PROBLEM:
In the records below, begin at the line containing "Jordans 3 Royal" and end at the line containing "Сир визнали улюбленим"; quote every line in that span exactly, including both boundary lines, and no others.

INPUT:
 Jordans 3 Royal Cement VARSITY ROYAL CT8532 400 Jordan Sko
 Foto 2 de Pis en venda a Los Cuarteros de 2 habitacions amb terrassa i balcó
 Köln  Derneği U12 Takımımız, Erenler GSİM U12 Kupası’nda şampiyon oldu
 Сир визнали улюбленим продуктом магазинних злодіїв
--
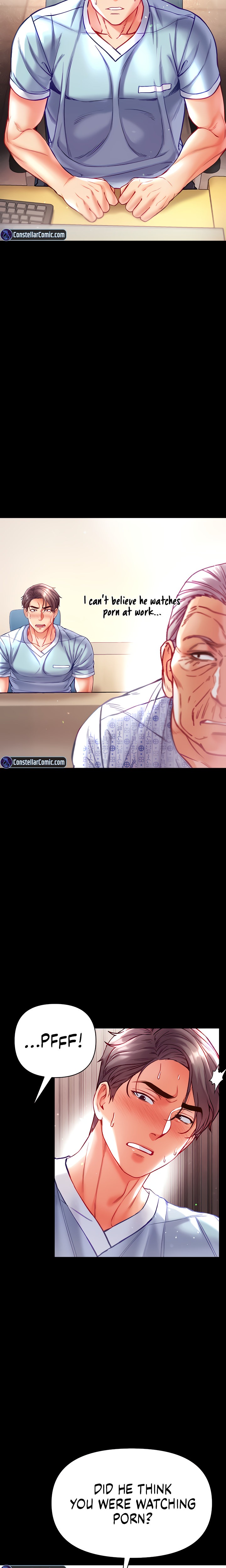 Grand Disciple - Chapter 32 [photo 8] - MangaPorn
---
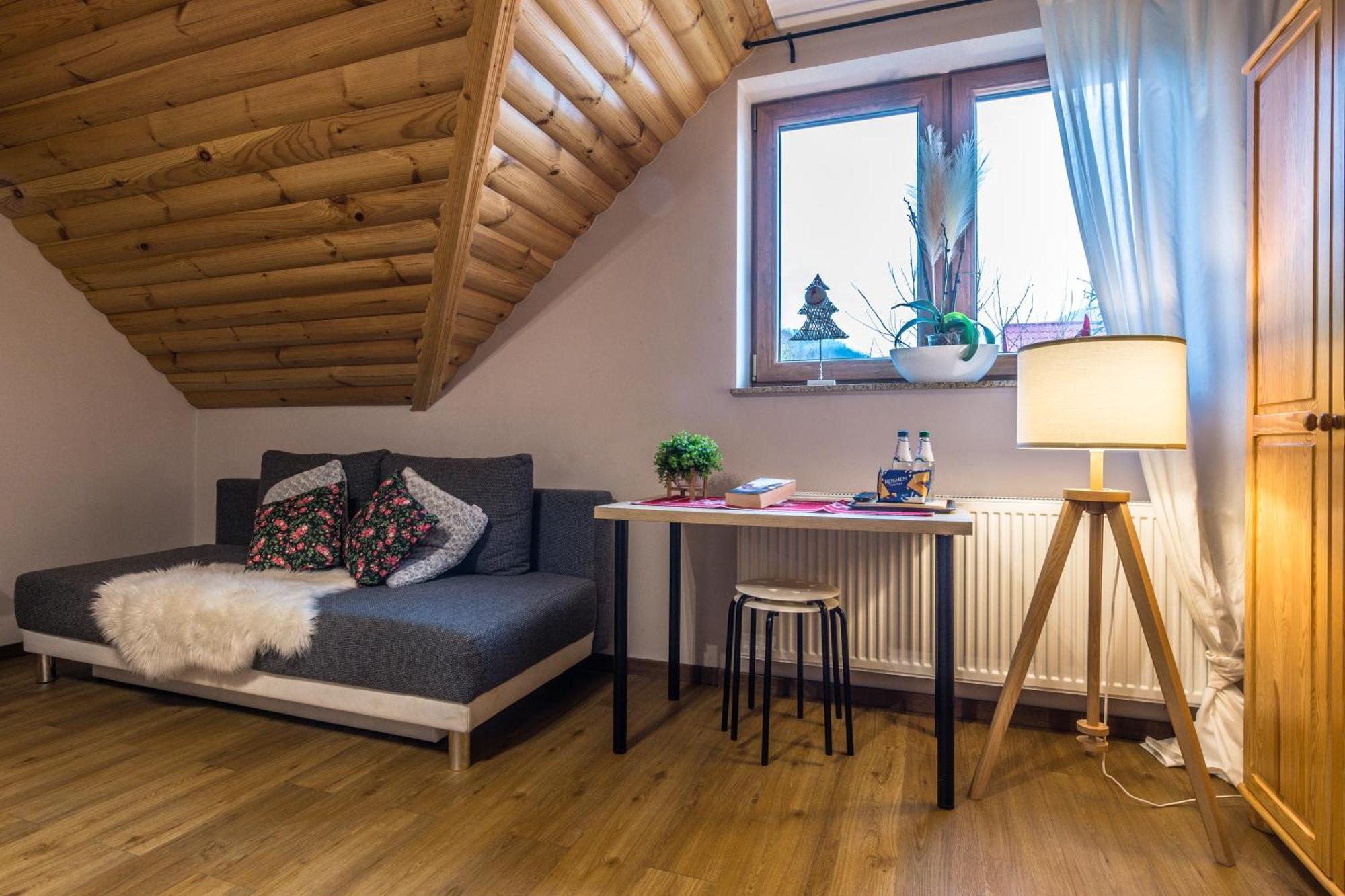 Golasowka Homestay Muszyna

TASK SOLUTION:
 Jordans 3 Royal Cement VARSITY ROYAL CT8532 400 Jordan Sko
 Foto 2 de Pis en venda a Los Cuarteros de 2 habitacions amb terrassa i balcó
 Köln  Derneği U12 Takımımız, Erenler GSİM U12 Kupası’nda şampiyon oldu
 Сир визнали улюбленим продуктом магазинних злодіїв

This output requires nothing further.